◆ **TASK STATEMENT**
Starting at the line where "Quần nỉ cho" occurs, reproduce each line through the end of the entries below exactly. Omit every picture.
□ □ □ □ □ □ □
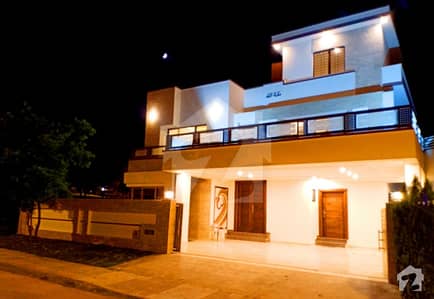 Near Boulevard New Designer House Near Boulevard New Designer House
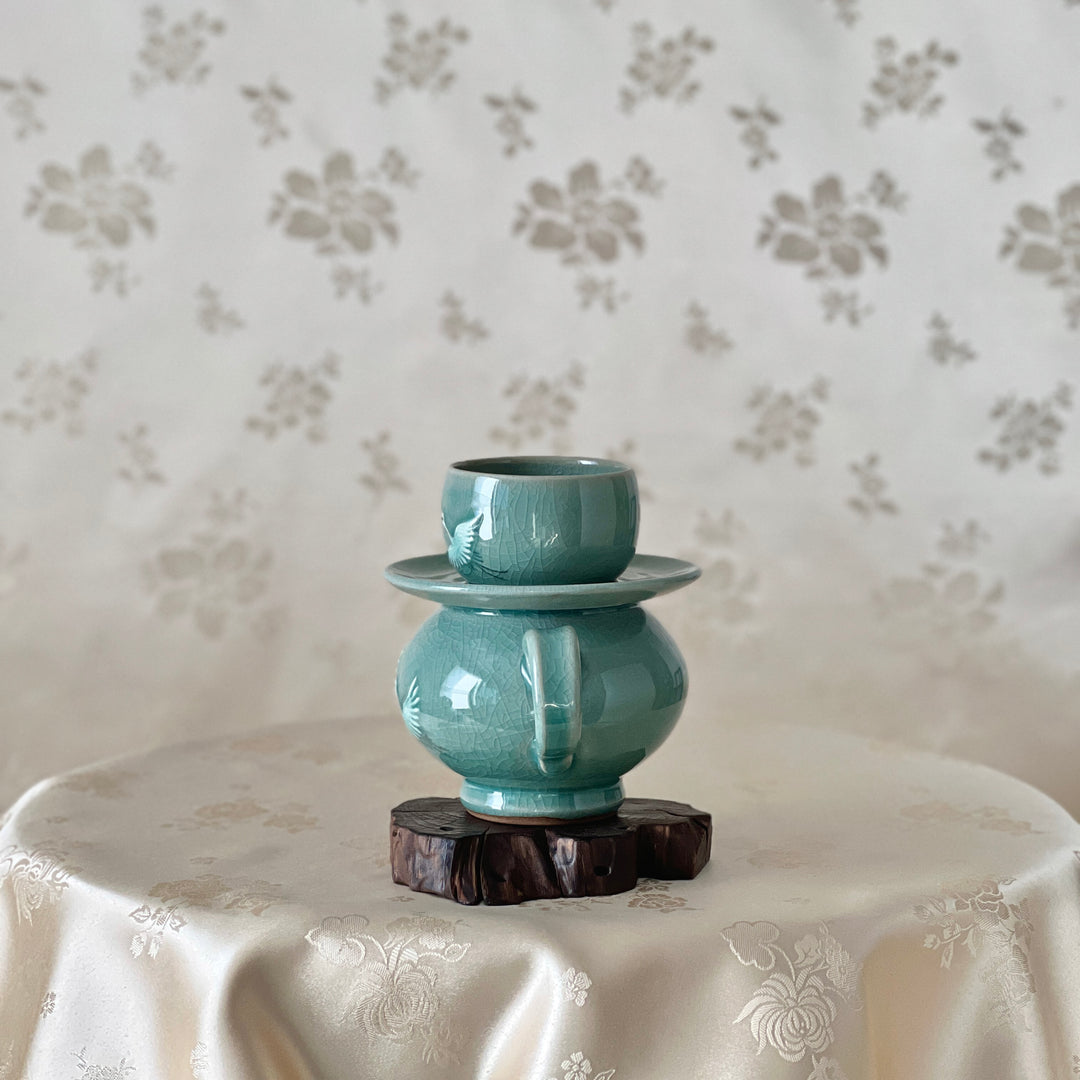 Celadon Gye-yeong Bae (Sobriety Cup): Embossed Crane Motif by Master Artisan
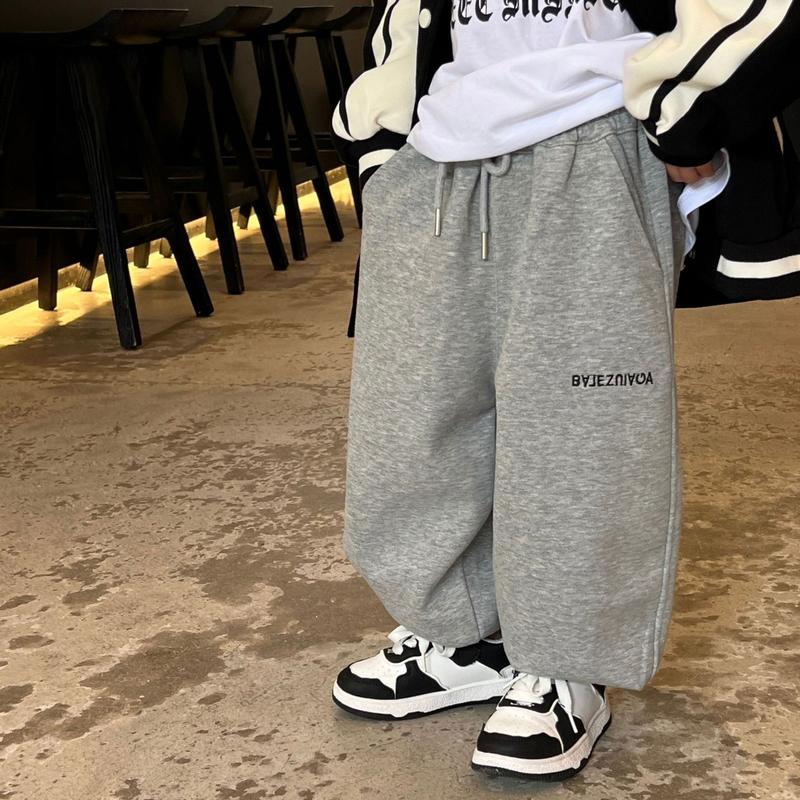 Quần nỉ cho bé trai 11kg đến 32kg màu ghi, chất nỉ ép Fanshudd.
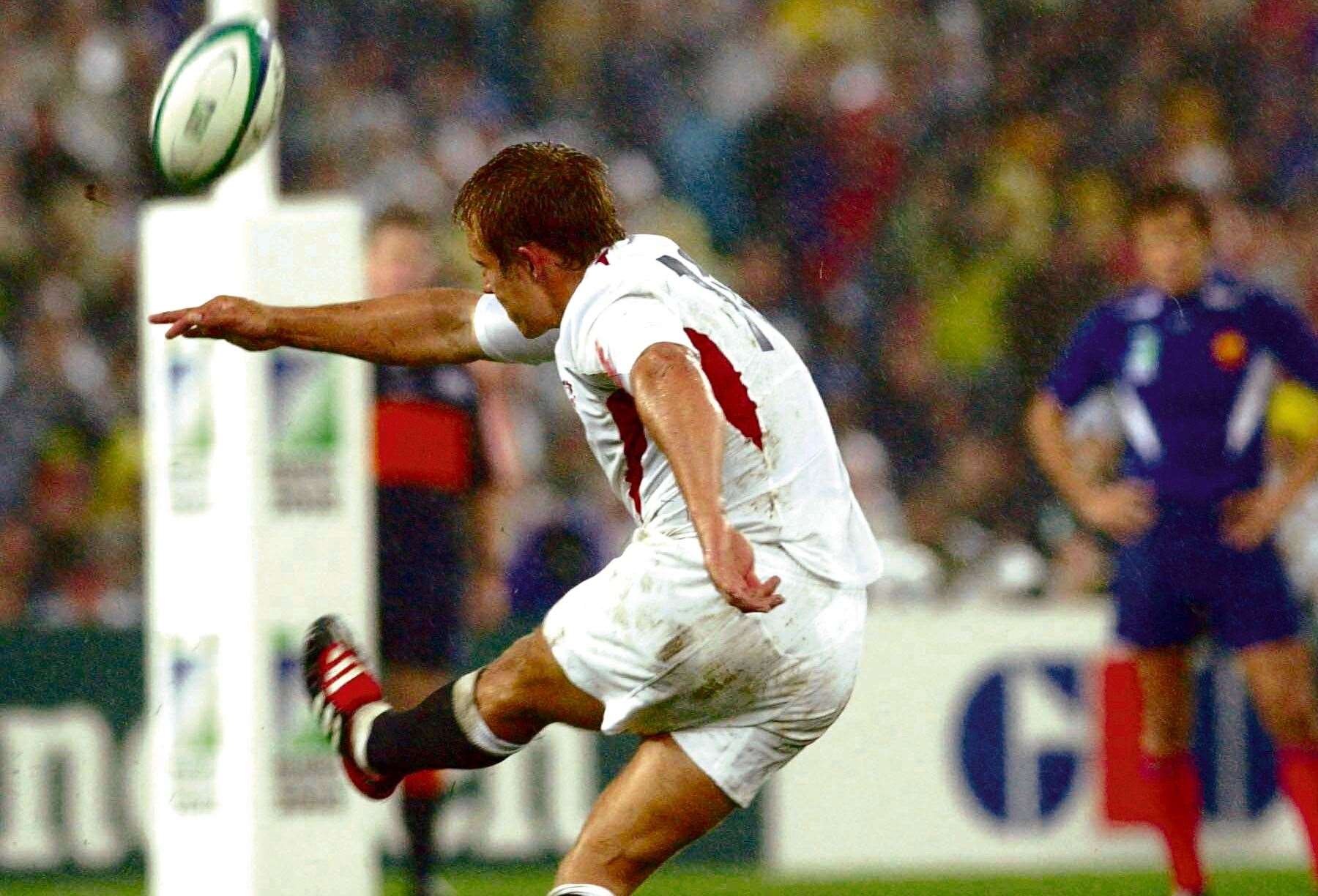 Jonny Wilkinson kicks a penalty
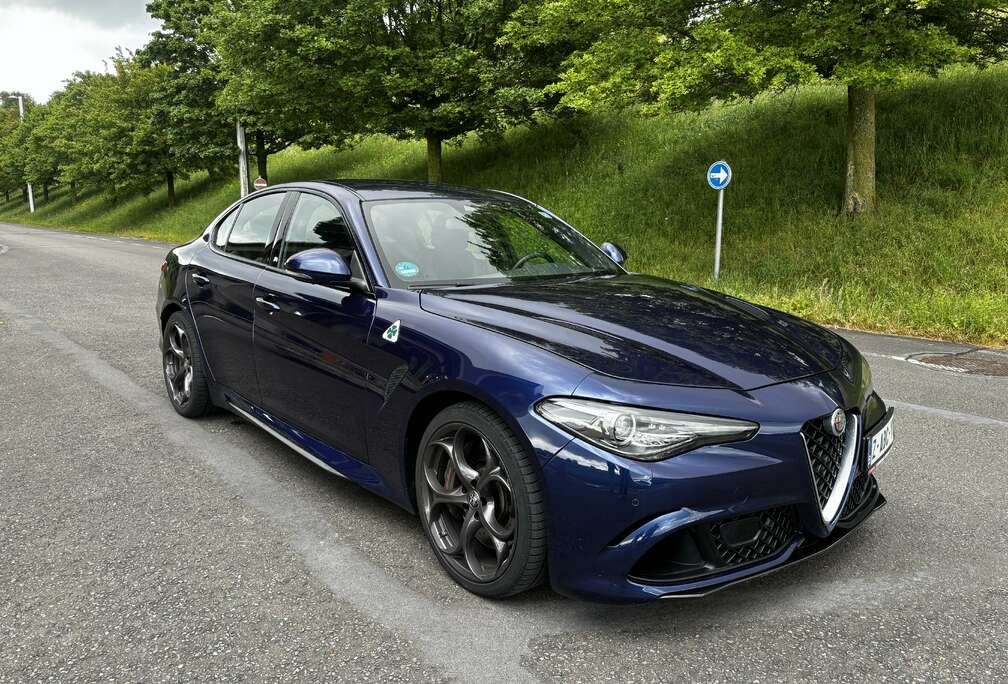 Alfa Romeo 2.9 T V6 Quadrifoglio * CARNET D’ENTRETIEN
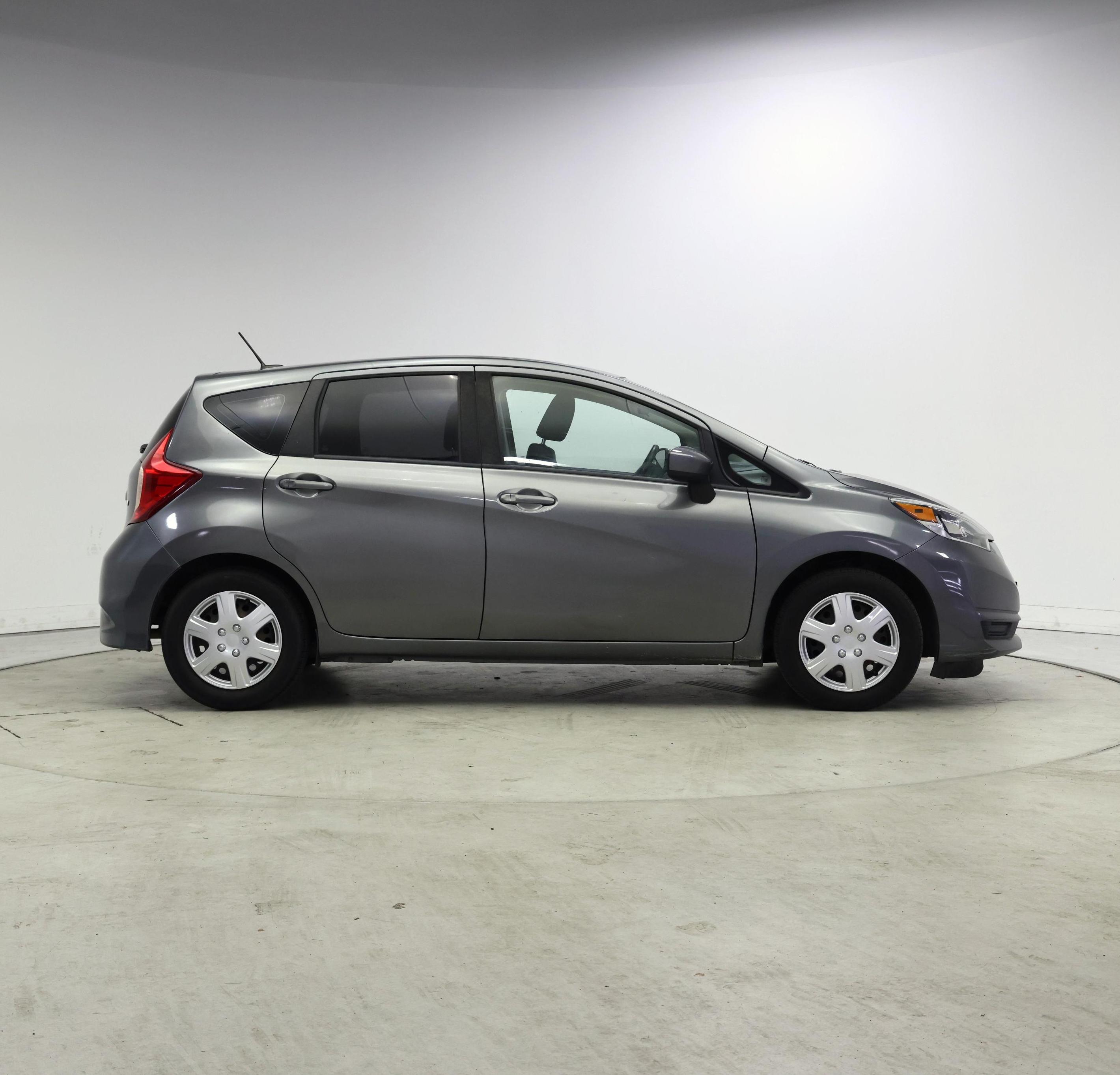 Thumbnail: 2017 Nissan Versa Note - 7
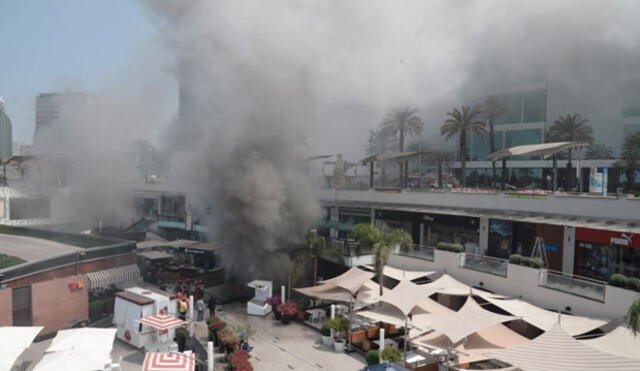 Larcomar: la vez que clausuraron el centro comercial por el incendio del cine UVK en el 2016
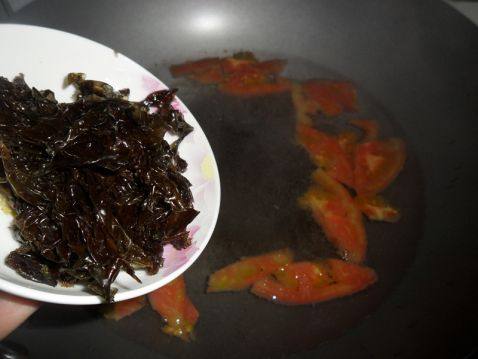 番茄紫菜蛋花汤步骤4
□ □ □ □ □ □ □
◆ **PROBLEM SOLUTION**
 Quần nỉ cho bé trai 11kg đến 32kg màu ghi, chất nỉ ép Fanshudd.
 Jonny Wilkinson kicks a penalty
 Alfa Romeo 2.9 T V6 Quadrifoglio * CARNET D’ENTRETIEN
 Thumbnail: 2017 Nissan Versa Note - 7
 Larcomar: la vez que clausuraron el centro comercial por el incendio del cine UVK en el 2016
 番茄紫菜蛋花汤步骤4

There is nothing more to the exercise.